Corrected entry: Throughout the series of the Hannibal Lecter films, his name remains the same. He is a wanted man. He would have been arrested and questioned at the very least between the end of 'Hannibal Rising' and the beginning of 'Red Dragon'. This would probably have convicted him. The 1950's police may have had limited technology but they would have his name at least on record. Even if the 1950's police thought Hannibal had been killed in the explosion in 'Hannibal Rising', they would have to assume he was still alive when they couldn't find his body (or body parts for that matter). I guess its a bit like the London serial killer 'Jack the Ripper' who was killing his victims a lot earlier than Hannibal was. They had hardly any technology, no evidence and no idea who he was, but I'm sure that if someone was calling himself 'Jack the Ripper' 20-30 years later, he would be 'brought in for questioning.

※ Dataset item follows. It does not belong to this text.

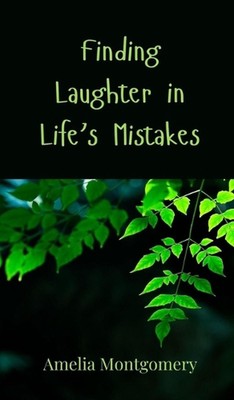 Finding Laughter in Life's Mistakes by Amelia Montgomery Hardcover Book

Corrected entry: I may need correcting here, but if the 1950's police (especially the war crimes inspector) believe that Hannibal Lecter has committed murders, Hannibal must be a wanted man, with his name and photo on a wanted persons list? At the start of Red Dragon when Hannibal is captured, Hannibal still uses the name Dr Hannibal Lecter. Surely his name would have been known to the authorities and he would have been captured (and most likely found guilty) years before red dragon.

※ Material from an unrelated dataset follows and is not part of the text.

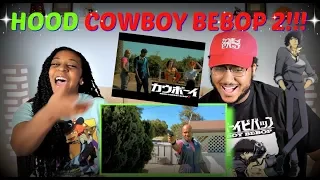 King Vader "HOOD COWBOY BEBOP 2" REACTION!!!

Corrected entry: Hannibal's final victim in the movie is supposed to be in Melville, Saskatchewan, and he is told it is near Saskatoon, Saskatchewan. These two cities are 356km apart, and about four hours drive away, longer in the 1950's. This is further distance apart than Paris to Marseilles, France, where most of the movie took place. Also, Melville is surrounded by farmland and fields, not the forest depicted in the movie. The Prairies near Melville are pretty much barren of trees.